What is the driving force?

Catholic New Times, Jan 30, 2005 by Jim Ternier, Marie-Louise Ternier-Gomeres

It is still not clear to us what the exact driving force is behind the attempt to re-define, marriage in order to include same-sex couples. Is it to satisfy the legal rights of a minority group to tax benefits? Is it to safeguard the protection of children, the traditional motivation for governments to be in the marriage business? Or is it to satisfy a political lobby and to be "politically correct" in its attempts to enforce the Charter of Rights and Freedoms?

Short-term thinking is very dangerous, and-we urge the government to take a long hard look at all the implications of a policy change in this debate over same-sex marriage.

We have a friend who retired recently. She is sharing a home with another woman and helping her to raise this woman's adopted child. This relationship is not a sexual one and they have no interest in "getting married." But "married" couples (either heterosexual or homosexual) have certain financial benefits such as tax advantages and death benefits. For these two women to enjoy such benefits, will they have to go through a paper "marriage?" In this case, how can equal treatment be safeguarded? This seems to be a form of discrimination on the basis of sexual activity. It also seems to fly in the face of a previous-federal minister of justice's attempt to "take the government out of the bedrooms of the nations." The current debate has put the government right back in there again!

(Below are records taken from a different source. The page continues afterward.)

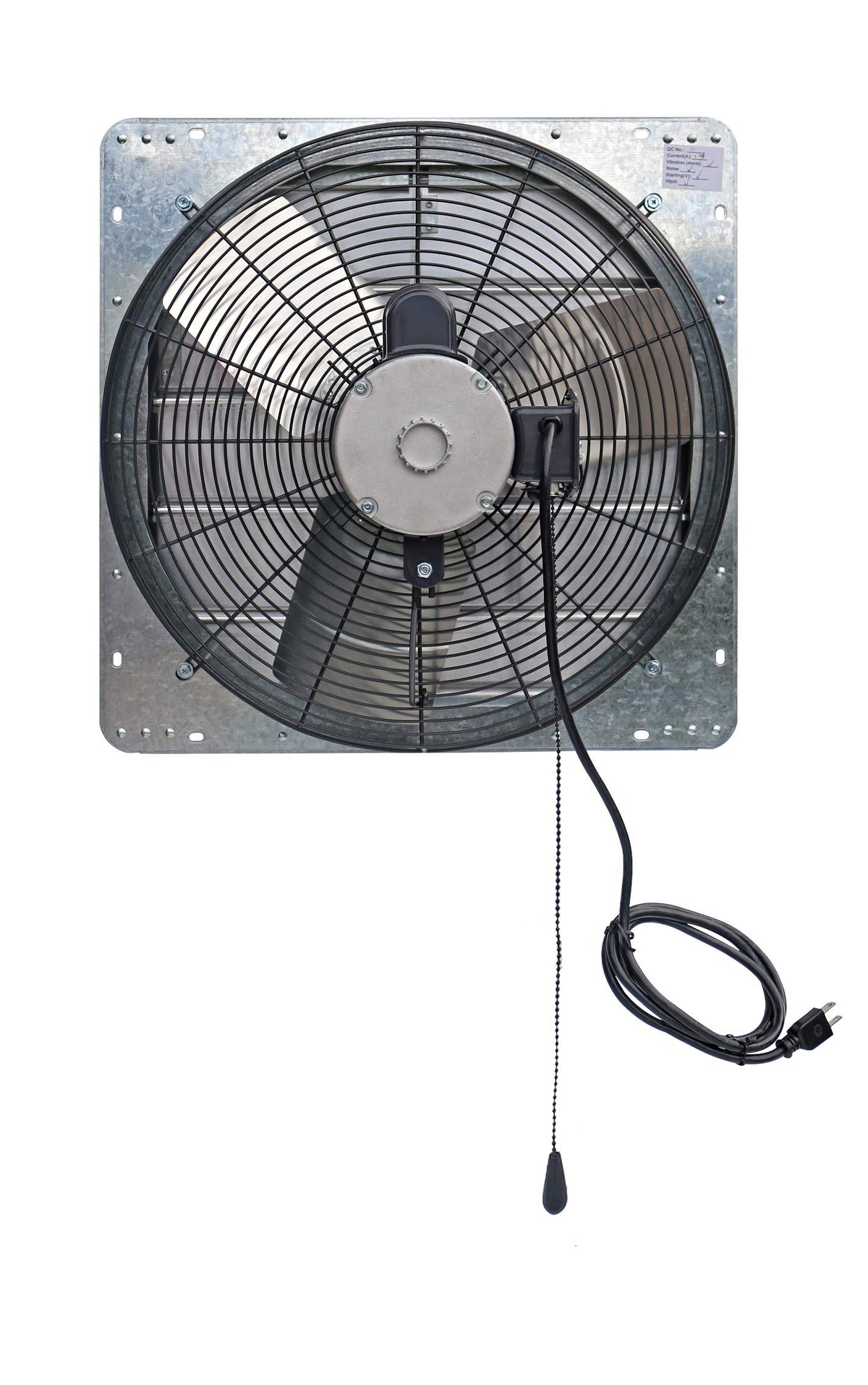 20 inch Shutter Exhaust Ventilation Fan with 3 Speed Thermostat J327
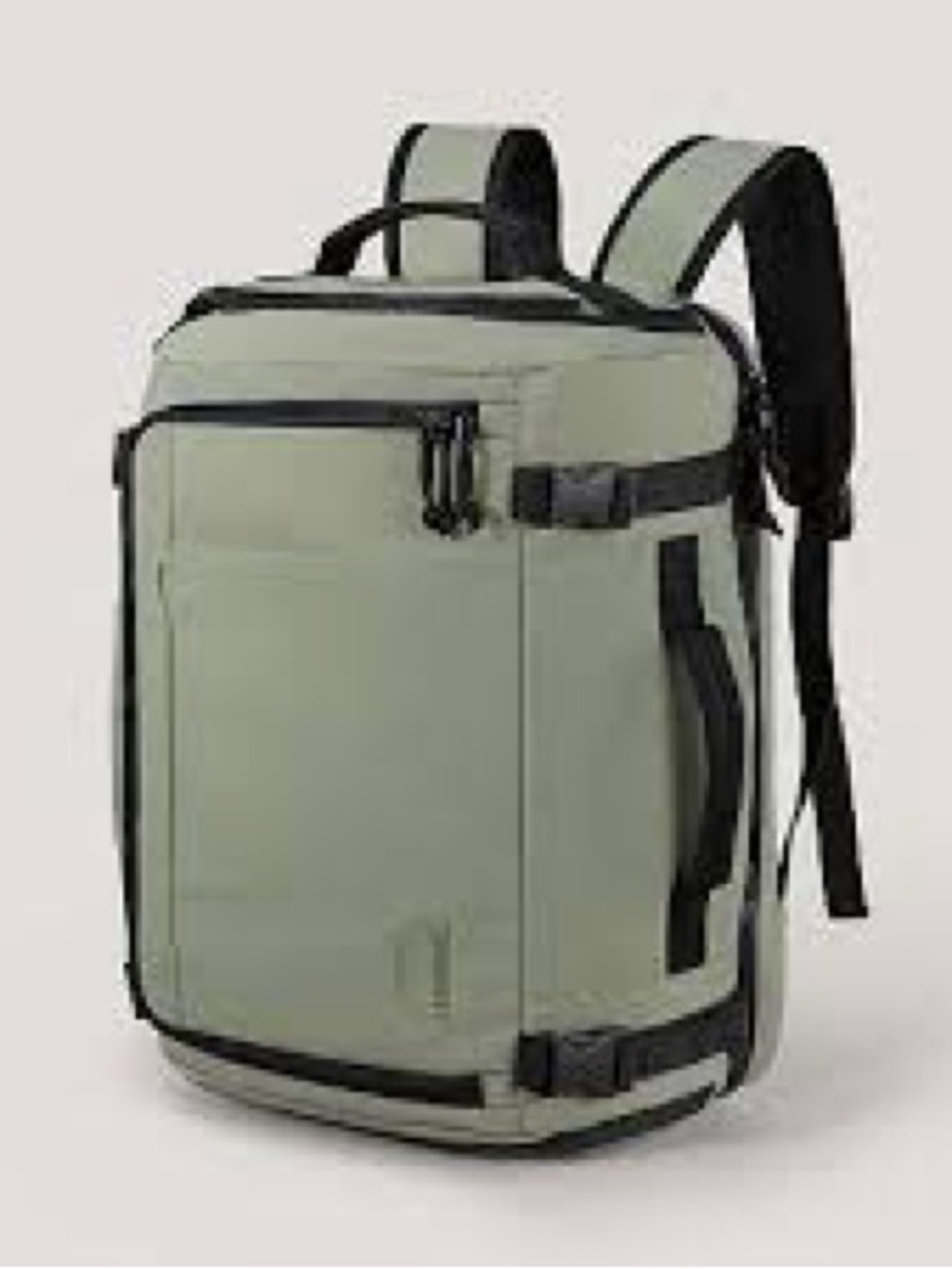 BagSmart Blast Travel Backpack - Mossy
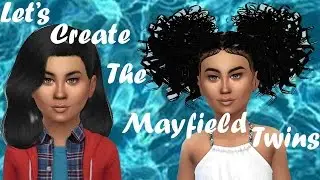 The Sims 4 | Create-A-Sim: Mayfield Twins | W/ CC LIST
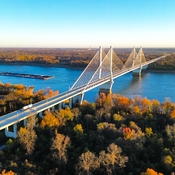 Greenville, MS bridge to Shives, AR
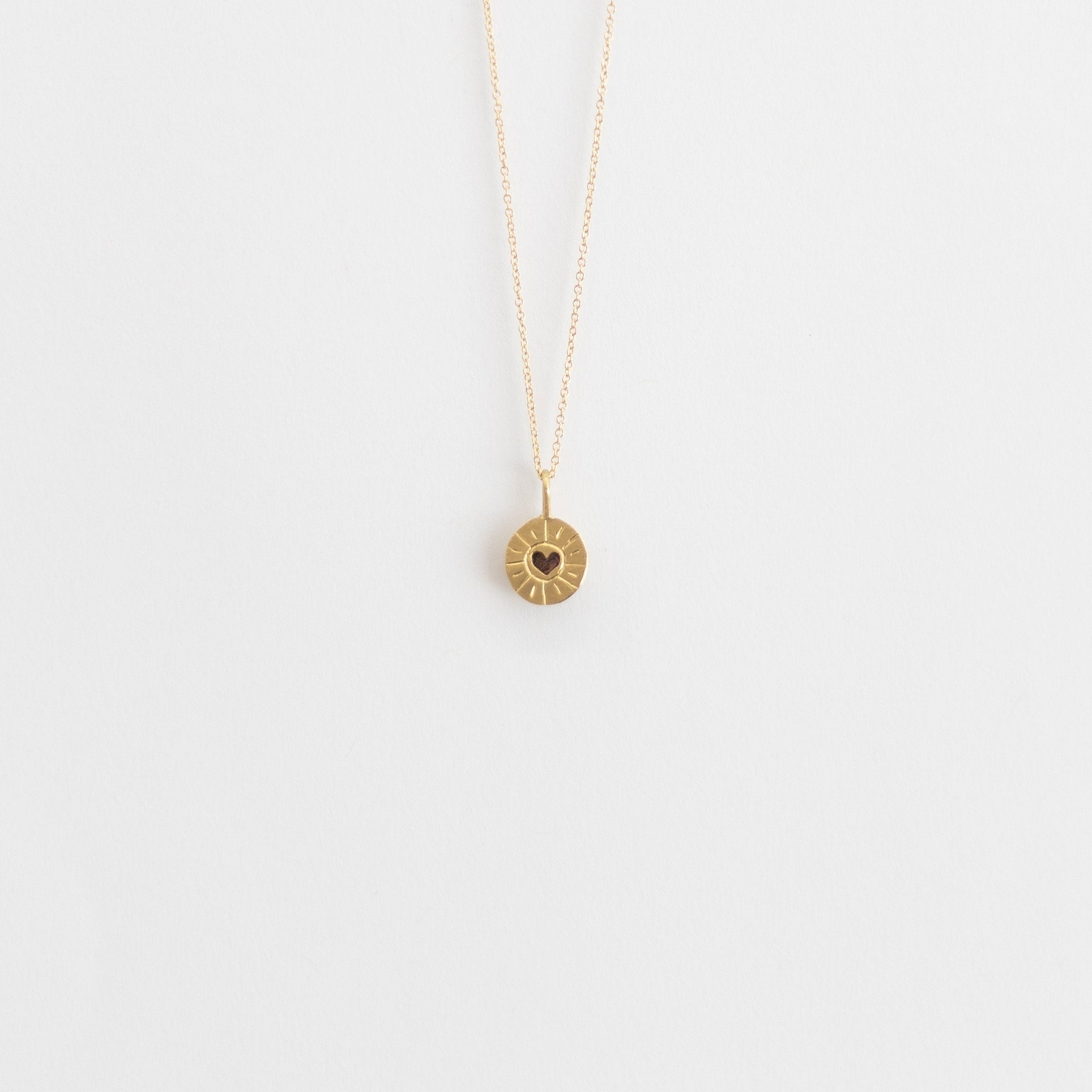 Black Barc &#39;Smiley + Heart&#39; Necklace No. 3 | Tortoise General Store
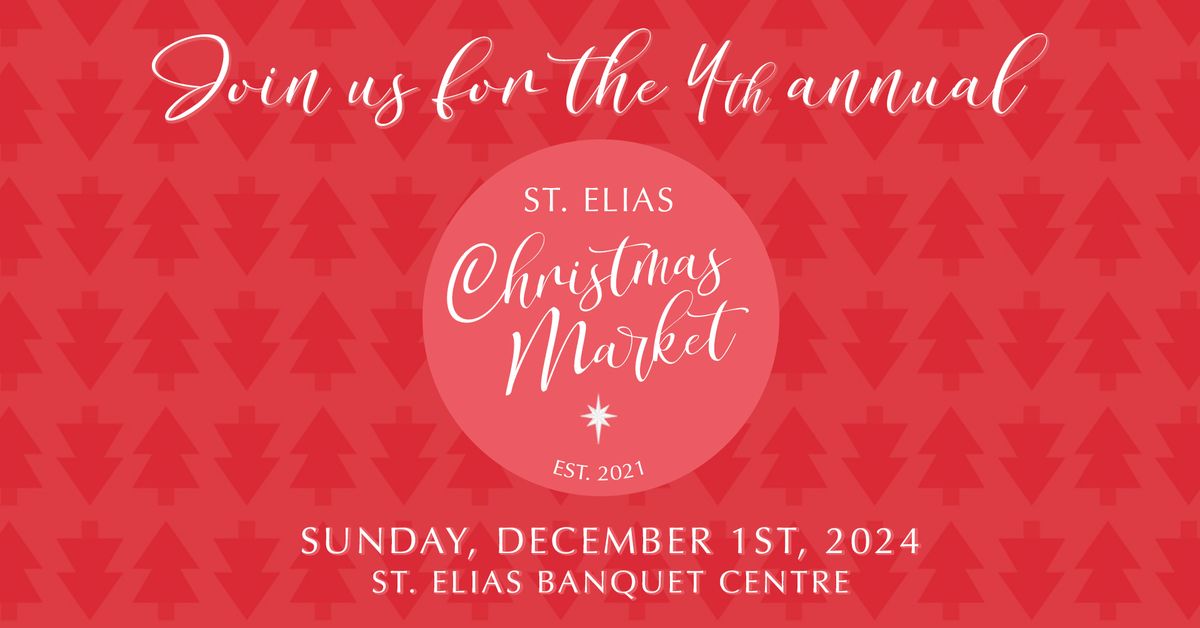 2024 St. Elias Christmas Market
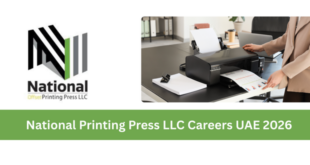 National Printing Press LLC Careers UAE 2026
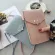 Touch Screen Mobile Phone Pge For Women Ladies Transparent Oulder Bag Retro Fe Heart S Student Bucle Pouch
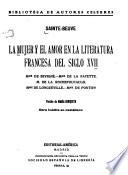 La mujer y el amor en la literatura francesa del siglo XVII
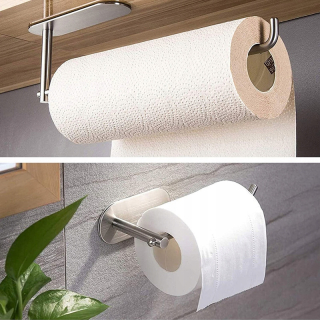 Samolepiaci držiak na papierové utierky Stick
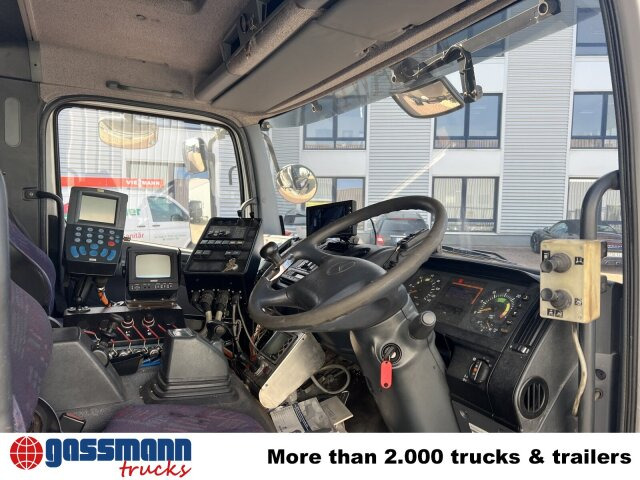 Mercedes-Benz Atego 1828 L 4x2, Rechtslenker, - Autocarro telaio: foto 4 Mercedes-Benz Atego 1828 L 4x2, Rechtslenker, - Autocarro telaio: foto 4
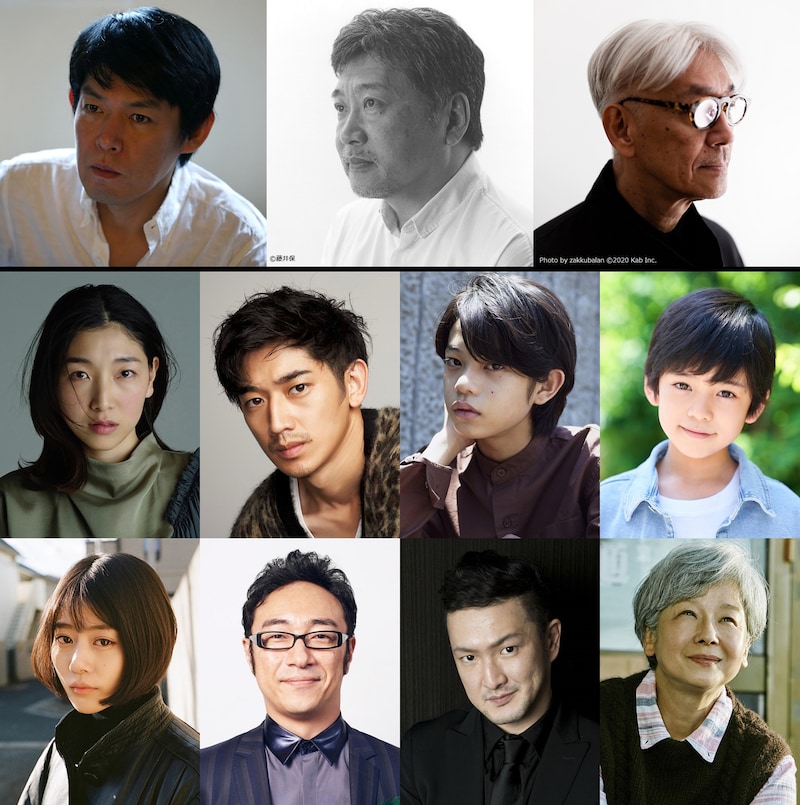 「怪物」のスタッフ、キャスト。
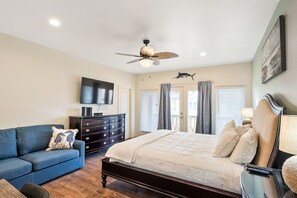 4 chambres, fer et planche à repasser, Wi-Fi gratuit, draps fournis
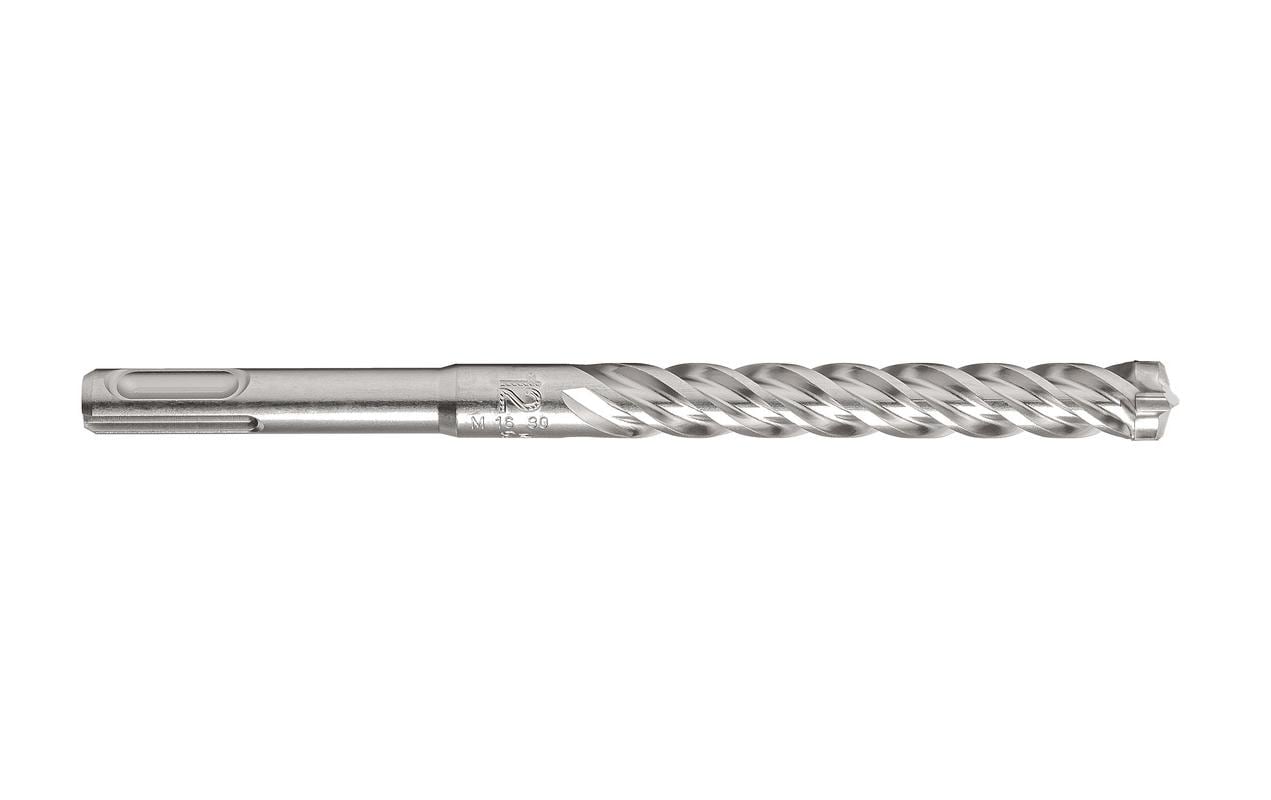 Metabo Hammerbohrer 12 × 265 mm Hartmetall SDS Plus – 4-Schneider – für Mauerwerk & Beton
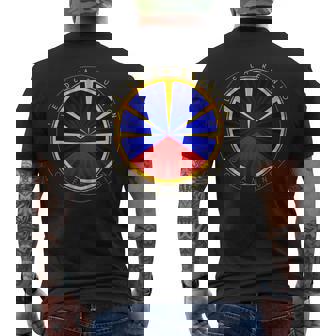 974 Ile De La Réunion Icône Mavéli C24 T-shirt imprimé au dos - Cadeauxyz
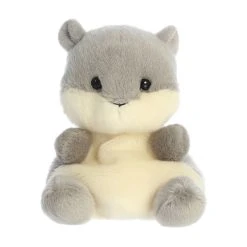 Gus The Plush Grey Squirrel Palm Pals By Aurora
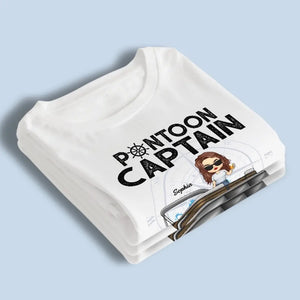 Réaliser son rêve de ponton - T-shirt, sweat à capuche et sweat-shirt unisexe personnalisé pour toute la famille - Cadeau pour les membres de la famille et les amateurs de ponton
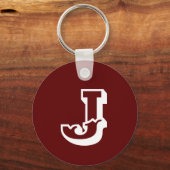 Personalisiert Cherry Blossom Schlüsselanhänger (Vorderseite)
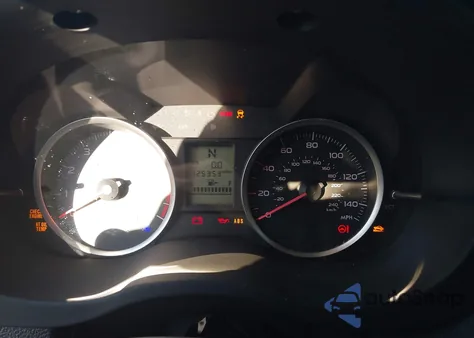 2015 Subaru Forester 2.5I Premium from USA, damaged, VIN JF2SJADC0FH425567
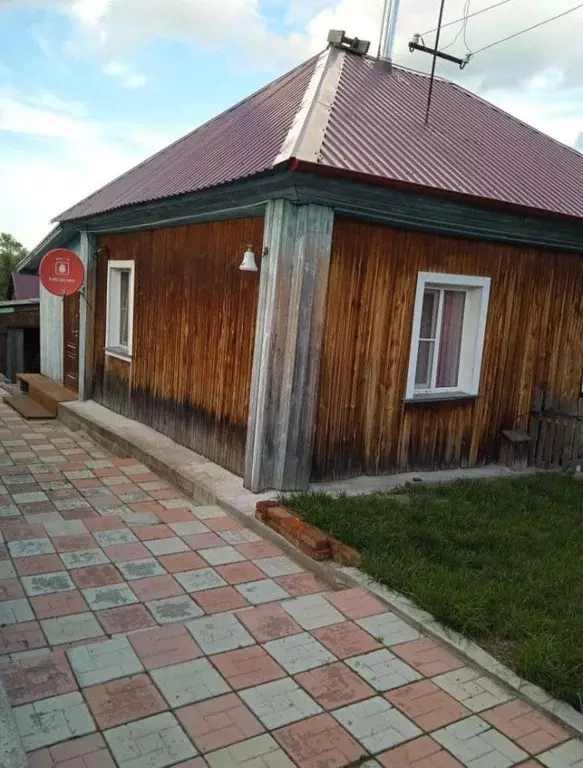 Дом в Новосибирская область, Мошковский район, с. Ташара Комсомольская ... - Фото 1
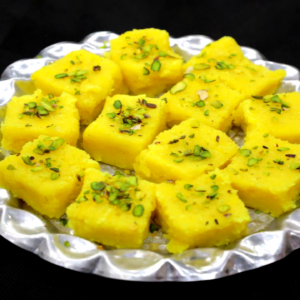 Nariyal ki Mithai (नारियल की मिठाई)
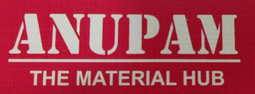 Anupam The Material Hub logo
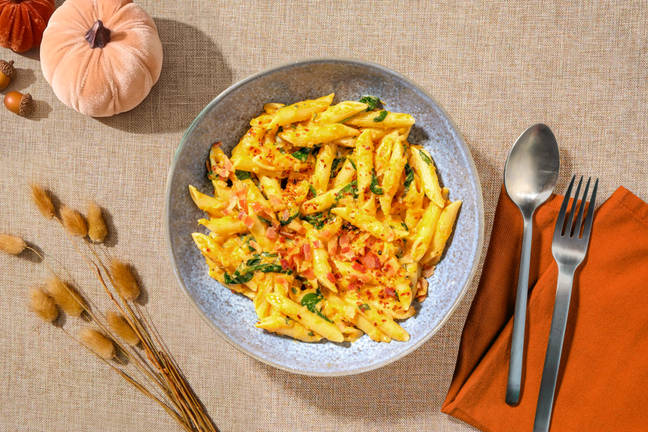  Creamy Butternut Squash Penne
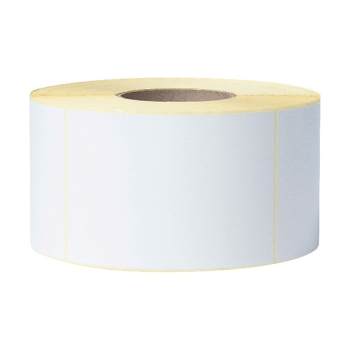 BROTHER Etiketten beschichtet weiß 1.440 St./Rolle 102x150. 4er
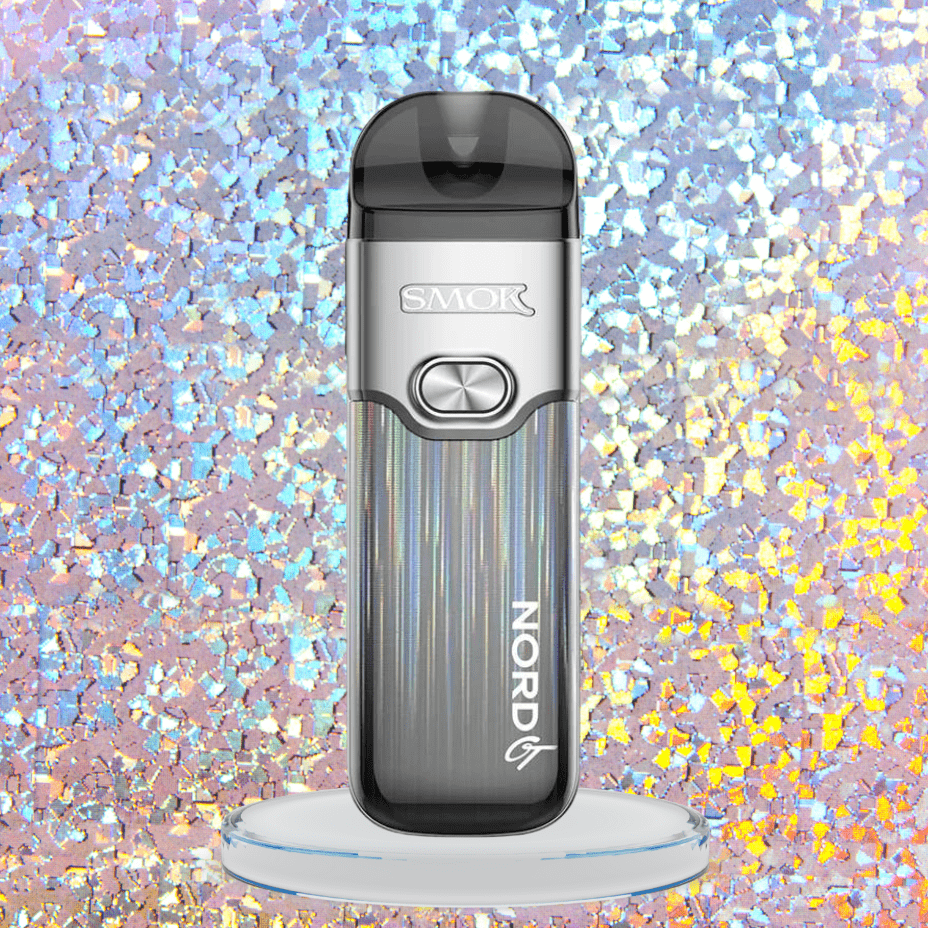 Smok Nord GT Pod Kit-80W 2500mAh / Silver Black Vapexcape Vape and Bong Shop Regina Saskatchewan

By contrast, if the federal government was to drop the idea of marriage entirely and go to a system of "registered domestic partnerships," any two adults could then take advantage of this system and there would be no discrimination. Then at least the government would stay away from defining partnerships on the basis of what goes on in the bedroom. At the same time religious institutions would have to give up the registering of marriages for the state.

In many western European countries religious marriage ceremonies may only be performed after the civil marriage has been registered. Religious institutions could then perform any marriages they chose but they would not have legal status.

Getting married would become a strictly religious undertaking, and maybe that is the only way to treat everyone fairly.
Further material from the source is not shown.